Fig. 3.. A subset of EGF-induced transcriptional activation is MSK2 dependent.

(A) Volcano plots showing the differential gene expression patterns of serum-starved IMR90 cells treated with EGF for 30 or 60 min. Up-regulated genes (log fold change > 0.5; adjusted P < 0.05; green), down-regulated genes (log fold change < 0; adjusted P < 0.05; brown). (B) Venn diagram depicting the overlap of genes that are significantly up-regulated as measured after EGF treatment of 30 or 60 min. (C) GSEA enrichment plot on genes up-regulated after 60 min of EGF treatment compared to PBS in serum-starved IMR90 cells. Normalized enrichment score (NES) and adjusted P value are shown for the NAGASHIMA_EGF_SIGNALING_UP gene set in the C2 category of Molecular Signatures Database (MSigDB). (D) Heatmaps display normalized expression for differentially expressed genes (DEGs; adjusted P < 0.05 and ranked by descending log fold change). Left panel shows the top 50 DEGs after 30 min of EGF treatment. Right panel shows the top 50 DEGs unique to 60 min of EGF treatment. Colors are scaled by row in each heatmap. (E) Heatmap of all significant DEGs (adjusted P < 0.05) between PBS control, EGF 60-min treatment, and EGF 60-min treatment in cells with MSK2 knockdown. DEGs were grouped into clusters via hierarchical clustering based on gene expression across the three different conditions. The top cluster of genes was additionally tested for significant differential expression (adjusted P < 0.05) after 60 min of EGF treatment with or without MSK2 knockdown. These MSK2-dependent genes (n = 59) are labeled in blue next to the top cluster. Colors are scaled by row in each heatmap. (F) Schematic showing that a subset of EGF-stimulated transcription is activated through MSK2.
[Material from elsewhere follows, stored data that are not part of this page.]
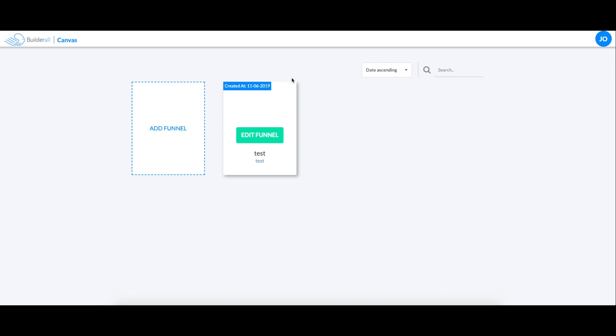Today I'm going to show you our new tool known as Canvas. With this tool, you'll be able to create templates for funnels that you can further edit in Pixel Perfect.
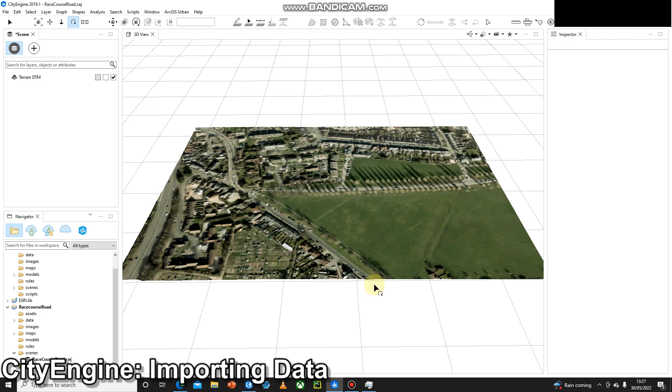Hello and welcome to another video. We've already done our elevation and imagery, and that's our terrain that we can see in front of us.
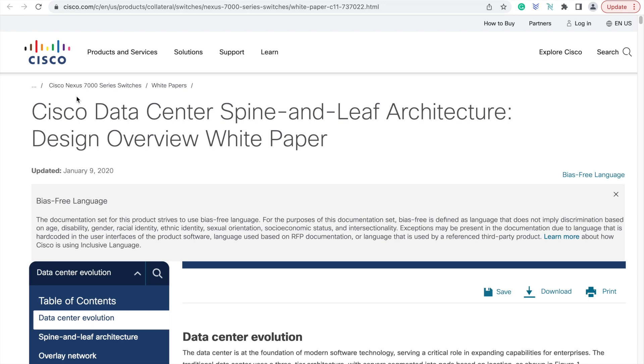Why Spine-Leaf architecture is preferred over legacy 3-tier architecture in data center networks? Let me try to answer this in this video.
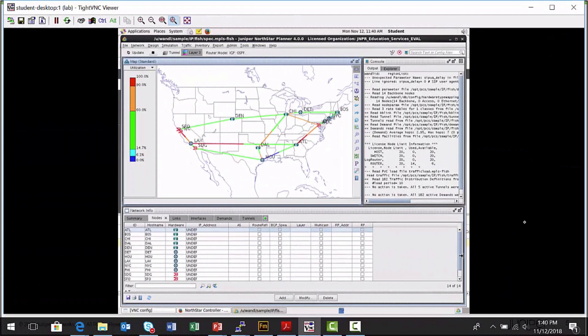This is my administrative workstation where I have the Northstar Planner interface actually launched. When you launch the client, it's going to ask you which network model you'd like to load into the interface — this is where you point it to the network model you built for your production network. There are also some sample networks included with the product. This is a sample MPLS network called the MPLS Phish network — a pre-built network model that already has nodes, links, tunnels, and demands. It's a great model to learn the features and capabilities of the product.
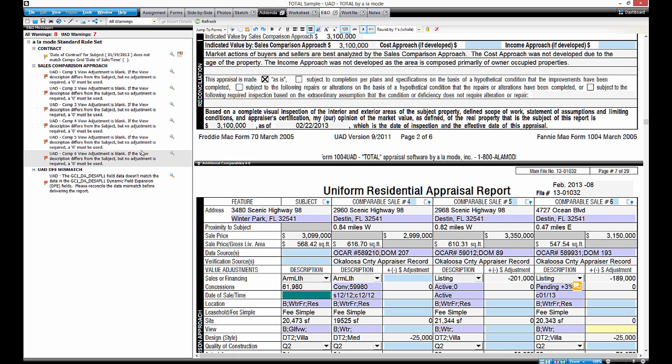It's easy, it's worked this way for decades, and it's what appraisers have come to expect. However, multiple monitors have become so prevalent in the last decade that Total users have been undocking the E&O PowerView into its own window to make it easier to work.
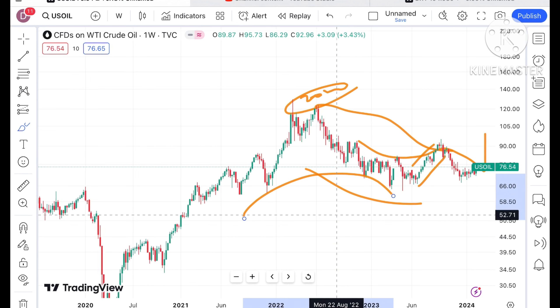Hello everyone and welcome to my channel Options Trader. Today in this video I'll explain how the price of crude has moved in the last week and how the price of crude can move in the next week.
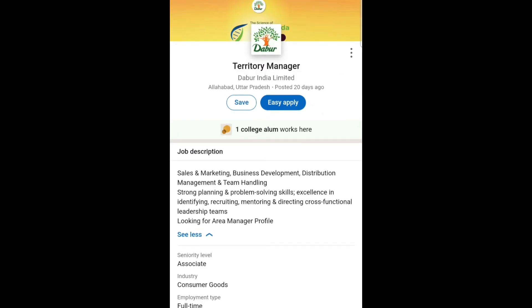If you are interested and eligible for this post, I will share the application link in the description box. You can go through that link and apply for this job role. If you have any queries, ask me in the comment section and I will try to answer.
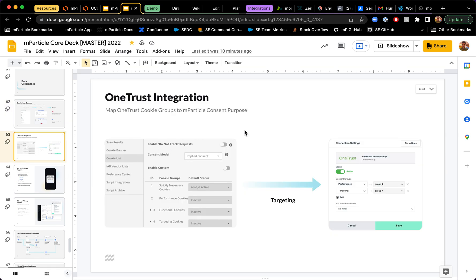I also want to briefly mention that we have a really powerful integration with OneTrust that allows you to map cookie groups to MParticle consent and just apply that to the user profile as well.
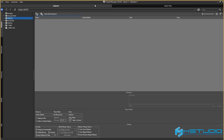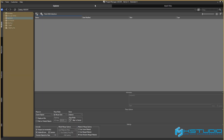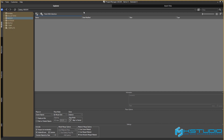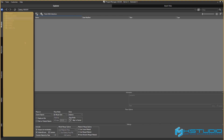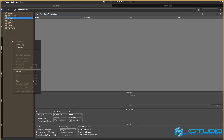I will talk about the functions that have not yet been considered — the context menu of the Project Manager. At the moment, such functions are available: New Catalog, Add Folder, Refresh, and Paste.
Fig. 4.. EGF stimulation induces locus-specific increases of H3K9me2S10ph.

(A) Distributions of average H3K9me2S10ph z scores in chromatin regions that were significantly enriched (adjusted P < 0.005) for H3K9me2S10ph in a comparison between IMR90 cells that were untreated (PBS) or treated with EGF for 30 min. Boxplots show median, 25% and 75% quartiles. (B) Enrichment (fold change of observed over expected overlap for randomly permuted genomic regions of equal sizes) of EGF-dependent H3K9me2S10ph regions for each annotation category. Categories as defined in Fig. 3: “Enhancers of EGF-regulated genes” refers to the complete set of 320 genes that were significantly differentially expressed after either 30 or 60 min of EGF stimulation; “Enhancers of EGF60-Up genes” refers to the 219 genes uniquely up-regulated after 60 min of EGF stimulation; “Enhancers of MSK2-dependent genes” refers to the 59 genes defined as MSK2 dependent; “Enhancers of MSK2-independent genes” refers to the 228 genes defined as MSK2 independent. All enrichment analyses were subjected to 1000 simulations; all P values < 0.001. (C) UCSC Genome Browser view (hg38) showing EGF-dependent H3K9me2S10ph in a region around the EGF-regulated and MSK2-dependent gene SNX18 (blue highlight). Linked Enhancers track shows GeneHancer annotations of SNX18-associated enhancers (gray boxes). Purple highlights indicate significant EGF-dependent H3K9me2S10ph regions [as in (A) and (B)] that overlap annotated enhancers. (D) Schematic of proposed model: EGF stimulation leads to the activation of the nuclear kinase MSK2, which mediates H3K9me2S10 phosphorylation at enhancers of EGF-responsive genes, leading to transcriptional activation. Schematic created with BioRender.